- The Washington Times - Wednesday, January 14, 2009

Wall Street closed mixed after seesawing in a narrow range Tuesday despite a good-news government report showing that the nation’s trade deficit between October and November plummeted to its lowest level since November 2003.

Investors apparently kept their buying in check because of worries about corporate earnings in the face of a worsening recession and a troubled financial sector.

At the close, the Dow Jones Industrial Average dropped 25.41, or 0.30 percent, to 8,448, off its low for the day.

The tech-heavy Nasdaq rose 7.67, or 0.50 percent, to 1546. The broader Standard & Poor’s 500 inched up 1.53, or 0.17 percent, to 871.

Much of the reason for the drop in the deficit to $40.4 billion in November was because of far lower demand for oil and a severe cutback in imports from China. But U.S. exports to China and elsewhere, chiefly farm products and heavy machinery, also registered big declines.
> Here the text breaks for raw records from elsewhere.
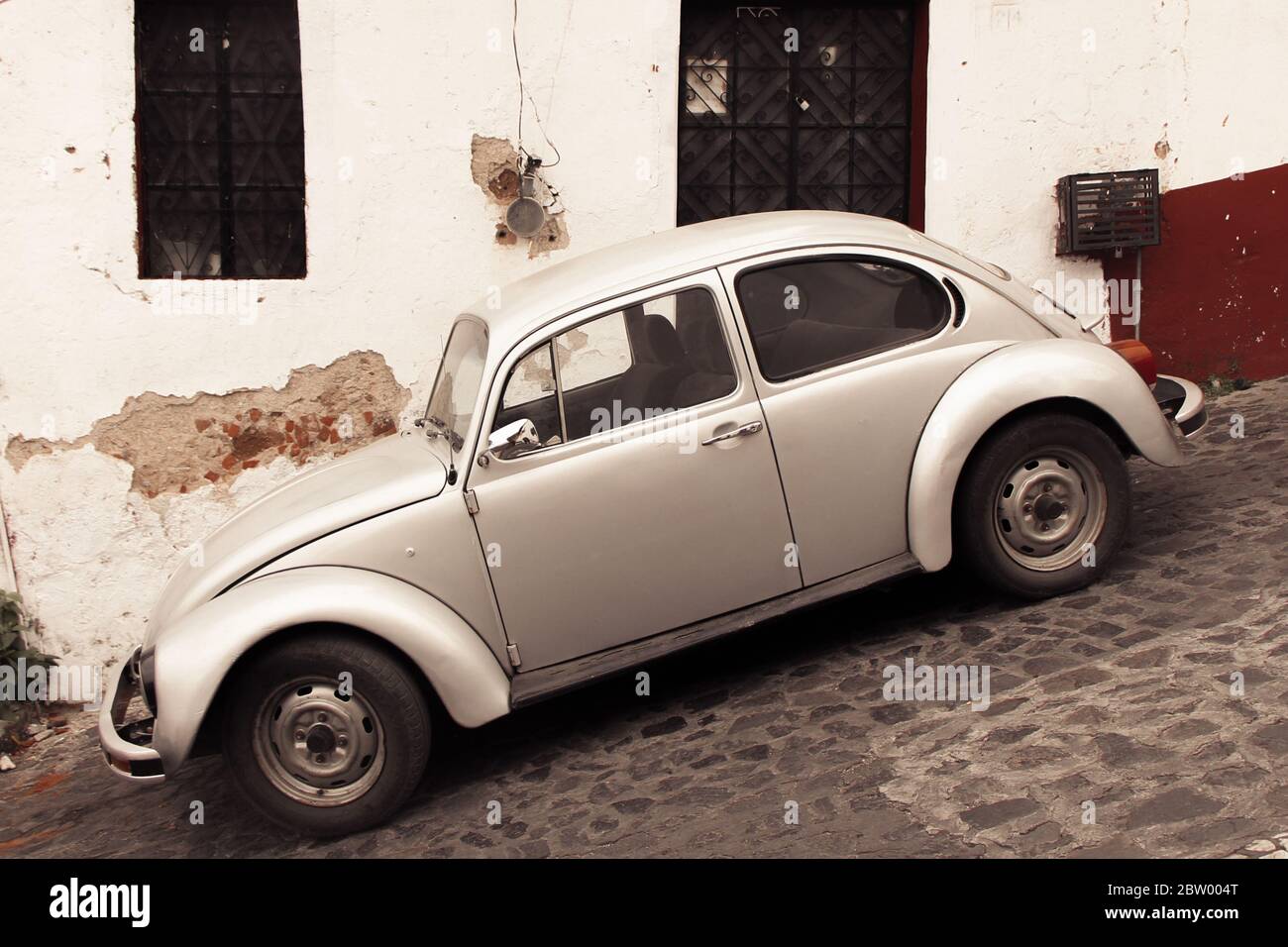 Voiture gris argenté, Volkswagen, dans la rue abrupte de Taxco, Guerrero, Mexique Banque D'Images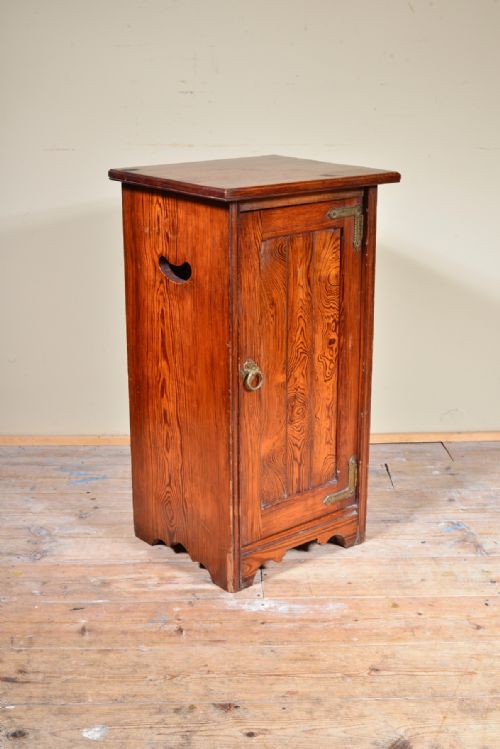 AN ARTS CRAFTS OREGON PINE BEDSIDE CUPBOARD C1875 - ADDITIONAL PHOTO 2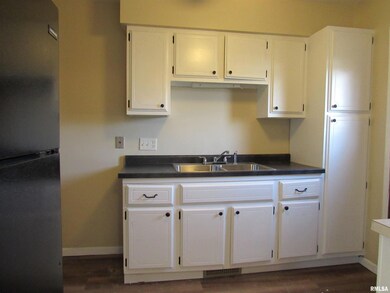 1622 Esplanade Ave, Davenport, IA 52803 - photo 5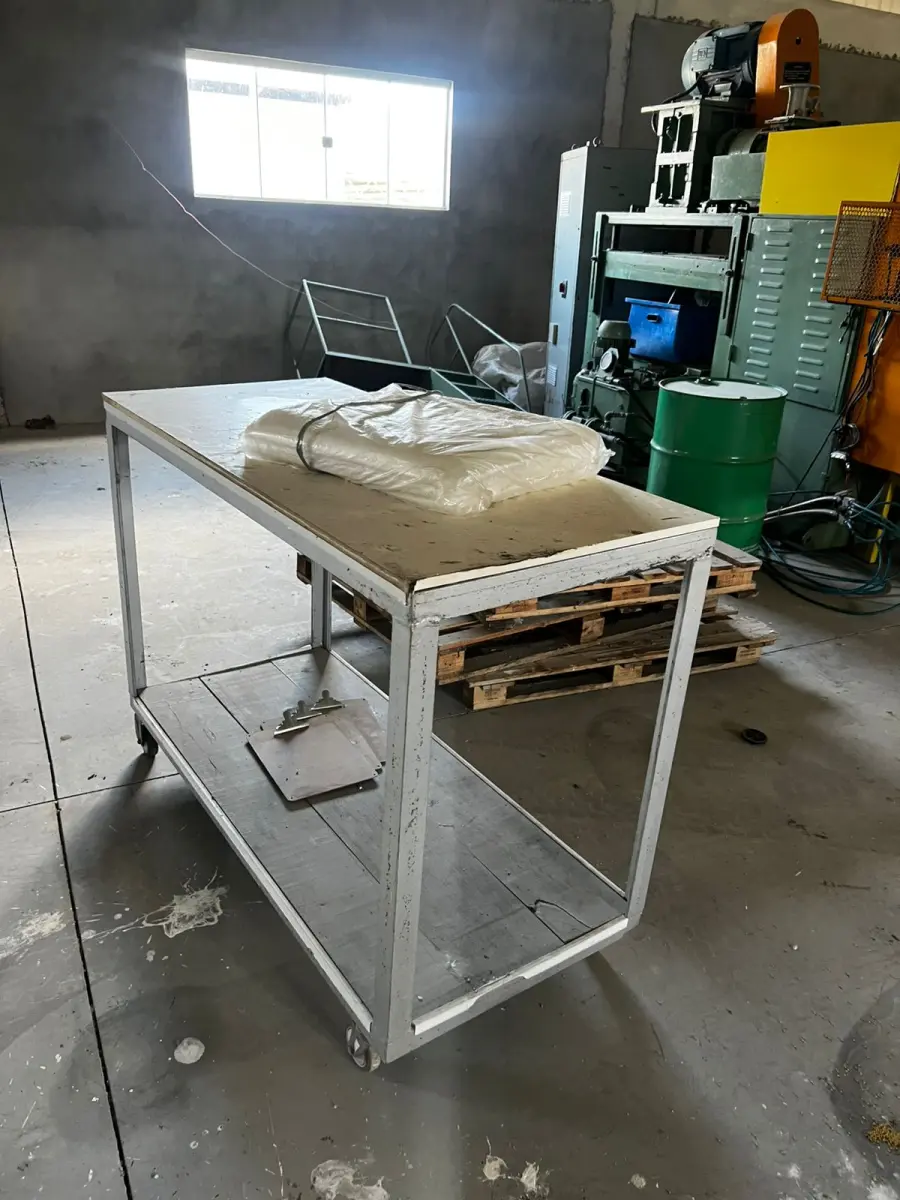 LOTE 000 - SOPRADORA BEKUM, MÃO FRANCESA C/ TALHA ELÉTRICA, UNIDADE DE RESFRIAMENTO, MOTOR P/ REFRIGERAÇÃO, GIRAFA HIDRÁULICA E MÓVEIS DIVERSOS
The Commerce Department reported that the trade deficit registered a 28.7 percent decline from the $56.7 billion deficit in October, which the Associated Press reported was a bigger decrease than economists had expected.

Further declines are expected in the months ahead because of the worsening recession as Americans buy less and less because they are saddled with debt, an unemployment rate of 7.2 percent, worries about their jobs and paying for mortgages worth more than their homes.

Moreover, the price of a barrel of oil continues to decline - below $38 Tuesday - after a high of $147.27 in July. That will help the trade deficit as well as being good news for motorists. Through November, the trade deficit hit an annual rate of $688.2 billion, down from the $700.3 billion in 2007, the Commerce Department said.

On the export side, which has been a plus for the U.S. economy, the value of the goods and services shipped abroad dropped to $142.8 billion in November, down 5.9 percent from October. It marked the lowest level of exports in 14 months, which could hurt the earnings of major U.S. exporters, further worsening job prospects.

But imports plunged 12 percent to $183.2 billion, their lowest point in two years. One reason: Imports of petroleum products dropped 36.5 percent to $23.6 billion.

Imports from China declined 17.5 percent to $23.1 billion in November because Americans bought less, as American retailers can attest as their sales continue to shrink in the midst of some of the biggest sales in decades.